Retype the entries exactly. Include every line.

Records from a dataset:
__________

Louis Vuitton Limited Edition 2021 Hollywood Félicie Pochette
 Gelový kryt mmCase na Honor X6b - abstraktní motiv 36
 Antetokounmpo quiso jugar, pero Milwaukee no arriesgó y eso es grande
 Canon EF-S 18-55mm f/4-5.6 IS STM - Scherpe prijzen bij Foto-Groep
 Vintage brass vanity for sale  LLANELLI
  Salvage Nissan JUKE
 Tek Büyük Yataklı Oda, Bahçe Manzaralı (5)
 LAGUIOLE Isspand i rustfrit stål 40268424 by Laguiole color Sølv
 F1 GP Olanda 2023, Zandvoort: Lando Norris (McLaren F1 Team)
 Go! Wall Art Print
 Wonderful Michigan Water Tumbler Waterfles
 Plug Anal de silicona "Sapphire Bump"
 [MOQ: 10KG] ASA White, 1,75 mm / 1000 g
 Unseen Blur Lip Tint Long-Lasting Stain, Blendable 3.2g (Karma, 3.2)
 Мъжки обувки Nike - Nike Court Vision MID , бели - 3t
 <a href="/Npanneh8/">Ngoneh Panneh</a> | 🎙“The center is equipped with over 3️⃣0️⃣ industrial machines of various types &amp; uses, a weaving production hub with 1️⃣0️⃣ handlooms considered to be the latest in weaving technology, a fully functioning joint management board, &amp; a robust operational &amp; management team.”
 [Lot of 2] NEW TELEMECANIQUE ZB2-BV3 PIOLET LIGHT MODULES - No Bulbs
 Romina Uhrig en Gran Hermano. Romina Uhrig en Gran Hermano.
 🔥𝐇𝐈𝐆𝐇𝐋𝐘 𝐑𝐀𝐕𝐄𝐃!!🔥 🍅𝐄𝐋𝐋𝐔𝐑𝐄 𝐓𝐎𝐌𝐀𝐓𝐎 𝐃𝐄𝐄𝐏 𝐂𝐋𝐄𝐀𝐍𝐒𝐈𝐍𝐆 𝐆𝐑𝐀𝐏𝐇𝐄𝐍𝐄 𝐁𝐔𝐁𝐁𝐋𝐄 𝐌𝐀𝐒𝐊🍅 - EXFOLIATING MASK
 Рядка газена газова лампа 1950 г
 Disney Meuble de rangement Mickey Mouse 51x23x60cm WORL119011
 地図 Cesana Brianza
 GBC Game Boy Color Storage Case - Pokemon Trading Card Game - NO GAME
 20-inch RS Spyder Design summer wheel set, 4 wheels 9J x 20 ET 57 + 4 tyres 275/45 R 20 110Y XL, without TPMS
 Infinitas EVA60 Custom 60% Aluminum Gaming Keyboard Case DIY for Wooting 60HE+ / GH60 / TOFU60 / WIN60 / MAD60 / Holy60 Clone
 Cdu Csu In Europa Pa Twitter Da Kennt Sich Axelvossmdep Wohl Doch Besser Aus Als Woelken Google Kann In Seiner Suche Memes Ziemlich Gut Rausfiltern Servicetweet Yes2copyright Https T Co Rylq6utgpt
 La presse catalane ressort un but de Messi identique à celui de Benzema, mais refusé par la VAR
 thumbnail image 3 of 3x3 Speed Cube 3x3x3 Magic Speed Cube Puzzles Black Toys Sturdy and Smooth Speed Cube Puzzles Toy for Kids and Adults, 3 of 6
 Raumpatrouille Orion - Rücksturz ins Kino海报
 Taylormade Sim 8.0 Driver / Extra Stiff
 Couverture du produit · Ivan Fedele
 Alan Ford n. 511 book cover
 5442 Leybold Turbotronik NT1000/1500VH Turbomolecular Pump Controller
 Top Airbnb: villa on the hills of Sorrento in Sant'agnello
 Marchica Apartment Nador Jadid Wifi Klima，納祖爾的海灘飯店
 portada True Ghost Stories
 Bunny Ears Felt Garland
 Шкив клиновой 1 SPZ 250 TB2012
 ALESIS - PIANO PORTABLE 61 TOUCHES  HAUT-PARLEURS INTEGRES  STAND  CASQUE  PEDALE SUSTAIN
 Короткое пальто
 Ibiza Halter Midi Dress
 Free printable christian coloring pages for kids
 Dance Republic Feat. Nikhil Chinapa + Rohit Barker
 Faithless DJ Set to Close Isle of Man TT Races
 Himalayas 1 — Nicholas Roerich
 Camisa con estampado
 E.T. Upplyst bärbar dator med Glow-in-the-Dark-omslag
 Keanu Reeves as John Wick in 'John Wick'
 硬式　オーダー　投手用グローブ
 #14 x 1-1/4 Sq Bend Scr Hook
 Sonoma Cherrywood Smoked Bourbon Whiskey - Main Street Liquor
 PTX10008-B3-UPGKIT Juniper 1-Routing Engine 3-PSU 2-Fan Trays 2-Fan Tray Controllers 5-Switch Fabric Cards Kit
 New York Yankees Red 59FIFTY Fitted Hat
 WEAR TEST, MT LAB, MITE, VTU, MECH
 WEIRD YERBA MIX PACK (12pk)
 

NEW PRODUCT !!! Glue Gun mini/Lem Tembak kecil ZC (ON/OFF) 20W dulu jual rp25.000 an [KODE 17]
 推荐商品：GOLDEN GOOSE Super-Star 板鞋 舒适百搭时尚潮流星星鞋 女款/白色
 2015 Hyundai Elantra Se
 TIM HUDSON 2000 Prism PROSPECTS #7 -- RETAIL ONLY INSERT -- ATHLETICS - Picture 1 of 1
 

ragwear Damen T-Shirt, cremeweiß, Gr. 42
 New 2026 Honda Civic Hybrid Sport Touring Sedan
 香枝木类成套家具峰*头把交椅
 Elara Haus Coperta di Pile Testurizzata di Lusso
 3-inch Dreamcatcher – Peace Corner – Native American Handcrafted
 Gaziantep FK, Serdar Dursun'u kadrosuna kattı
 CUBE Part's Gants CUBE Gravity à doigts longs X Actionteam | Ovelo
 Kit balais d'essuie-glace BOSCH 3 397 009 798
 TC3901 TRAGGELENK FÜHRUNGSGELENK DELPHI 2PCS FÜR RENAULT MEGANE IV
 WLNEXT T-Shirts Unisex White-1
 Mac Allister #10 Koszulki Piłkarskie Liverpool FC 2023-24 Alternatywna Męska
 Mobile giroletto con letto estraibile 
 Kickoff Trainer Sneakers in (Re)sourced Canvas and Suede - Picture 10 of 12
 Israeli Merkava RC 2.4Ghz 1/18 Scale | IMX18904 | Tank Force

__________

- _OUTPUT FOR THIS EXERCISE_:
Louis Vuitton Limited Edition 2021 Hollywood Félicie Pochette
 Gelový kryt mmCase na Honor X6b - abstraktní motiv 36
 Antetokounmpo quiso jugar, pero Milwaukee no arriesgó y eso es grande
 Canon EF-S 18-55mm f/4-5.6 IS STM - Scherpe prijzen bij Foto-Groep
 Vintage brass vanity for sale  LLANELLI
  Salvage Nissan JUKE
 Tek Büyük Yataklı Oda, Bahçe Manzaralı (5)
 LAGUIOLE Isspand i rustfrit stål 40268424 by Laguiole color Sølv
 F1 GP Olanda 2023, Zandvoort: Lando Norris (McLaren F1 Team)
 Go! Wall Art Print
 Wonderful Michigan Water Tumbler Waterfles
 Plug Anal de silicona "Sapphire Bump"
 [MOQ: 10KG] ASA White, 1,75 mm / 1000 g
 Unseen Blur Lip Tint Long-Lasting Stain, Blendable 3.2g (Karma, 3.2)
 Мъжки обувки Nike - Nike Court Vision MID , бели - 3t
 <a href="/Npanneh8/">Ngoneh Panneh</a> | 🎙“The center is equipped with over 3️⃣0️⃣ industrial machines of various types &amp; uses, a weaving production hub with 1️⃣0️⃣ handlooms considered to be the latest in weaving technology, a fully functioning joint management board, &amp; a robust operational &amp; management team.”
 [Lot of 2] NEW TELEMECANIQUE ZB2-BV3 PIOLET LIGHT MODULES - No Bulbs
 Romina Uhrig en Gran Hermano. Romina Uhrig en Gran Hermano.
 🔥𝐇𝐈𝐆𝐇𝐋𝐘 𝐑𝐀𝐕𝐄𝐃!!🔥 🍅𝐄𝐋𝐋𝐔𝐑𝐄 𝐓𝐎𝐌𝐀𝐓𝐎 𝐃𝐄𝐄𝐏 𝐂𝐋𝐄𝐀𝐍𝐒𝐈𝐍𝐆 𝐆𝐑𝐀𝐏𝐇𝐄𝐍𝐄 𝐁𝐔𝐁𝐁𝐋𝐄 𝐌𝐀𝐒𝐊🍅 - EXFOLIATING MASK
 Рядка газена газова лампа 1950 г
 Disney Meuble de rangement Mickey Mouse 51x23x60cm WORL119011
 地図 Cesana Brianza
 GBC Game Boy Color Storage Case - Pokemon Trading Card Game - NO GAME
 20-inch RS Spyder Design summer wheel set, 4 wheels 9J x 20 ET 57 + 4 tyres 275/45 R 20 110Y XL, without TPMS
 Infinitas EVA60 Custom 60% Aluminum Gaming Keyboard Case DIY for Wooting 60HE+ / GH60 / TOFU60 / WIN60 / MAD60 / Holy60 Clone
 Cdu Csu In Europa Pa Twitter Da Kennt Sich Axelvossmdep Wohl Doch Besser Aus Als Woelken Google Kann In Seiner Suche Memes Ziemlich Gut Rausfiltern Servicetweet Yes2copyright Https T Co Rylq6utgpt
 La presse catalane ressort un but de Messi identique à celui de Benzema, mais refusé par la VAR
 thumbnail image 3 of 3x3 Speed Cube 3x3x3 Magic Speed Cube Puzzles Black Toys Sturdy and Smooth Speed Cube Puzzles Toy for Kids and Adults, 3 of 6
 Raumpatrouille Orion - Rücksturz ins Kino海报
 Taylormade Sim 8.0 Driver / Extra Stiff
 Couverture du produit · Ivan Fedele
 Alan Ford n. 511 book cover
 5442 Leybold Turbotronik NT1000/1500VH Turbomolecular Pump Controller
 Top Airbnb: villa on the hills of Sorrento in Sant'agnello
 Marchica Apartment Nador Jadid Wifi Klima，納祖爾的海灘飯店
 portada True Ghost Stories
 Bunny Ears Felt Garland
 Шкив клиновой 1 SPZ 250 TB2012
 ALESIS - PIANO PORTABLE 61 TOUCHES  HAUT-PARLEURS INTEGRES  STAND  CASQUE  PEDALE SUSTAIN
 Короткое пальто
 Ibiza Halter Midi Dress
 Free printable christian coloring pages for kids
 Dance Republic Feat. Nikhil Chinapa + Rohit Barker
 Faithless DJ Set to Close Isle of Man TT Races
 Himalayas 1 — Nicholas Roerich
 Camisa con estampado
 E.T. Upplyst bärbar dator med Glow-in-the-Dark-omslag
 Keanu Reeves as John Wick in 'John Wick'
 硬式　オーダー　投手用グローブ
 #14 x 1-1/4 Sq Bend Scr Hook
 Sonoma Cherrywood Smoked Bourbon Whiskey - Main Street Liquor
 PTX10008-B3-UPGKIT Juniper 1-Routing Engine 3-PSU 2-Fan Trays 2-Fan Tray Controllers 5-Switch Fabric Cards Kit
 New York Yankees Red 59FIFTY Fitted Hat
 WEAR TEST, MT LAB, MITE, VTU, MECH
 WEIRD YERBA MIX PACK (12pk)
 

NEW PRODUCT !!! Glue Gun mini/Lem Tembak kecil ZC (ON/OFF) 20W dulu jual rp25.000 an [KODE 17]
 推荐商品：GOLDEN GOOSE Super-Star 板鞋 舒适百搭时尚潮流星星鞋 女款/白色
 2015 Hyundai Elantra Se
 TIM HUDSON 2000 Prism PROSPECTS #7 -- RETAIL ONLY INSERT -- ATHLETICS - Picture 1 of 1
 

ragwear Damen T-Shirt, cremeweiß, Gr. 42
 New 2026 Honda Civic Hybrid Sport Touring Sedan
 香枝木类成套家具峰*头把交椅
 Elara Haus Coperta di Pile Testurizzata di Lusso
 3-inch Dreamcatcher – Peace Corner – Native American Handcrafted
 Gaziantep FK, Serdar Dursun'u kadrosuna kattı
 CUBE Part's Gants CUBE Gravity à doigts longs X Actionteam | Ovelo
 Kit balais d'essuie-glace BOSCH 3 397 009 798
 TC3901 TRAGGELENK FÜHRUNGSGELENK DELPHI 2PCS FÜR RENAULT MEGANE IV
 WLNEXT T-Shirts Unisex White-1
 Mac Allister #10 Koszulki Piłkarskie Liverpool FC 2023-24 Alternatywna Męska
 Mobile giroletto con letto estraibile 
 Kickoff Trainer Sneakers in (Re)sourced Canvas and Suede - Picture 10 of 12
 Israeli Merkava RC 2.4Ghz 1/18 Scale | IMX18904 | Tank Force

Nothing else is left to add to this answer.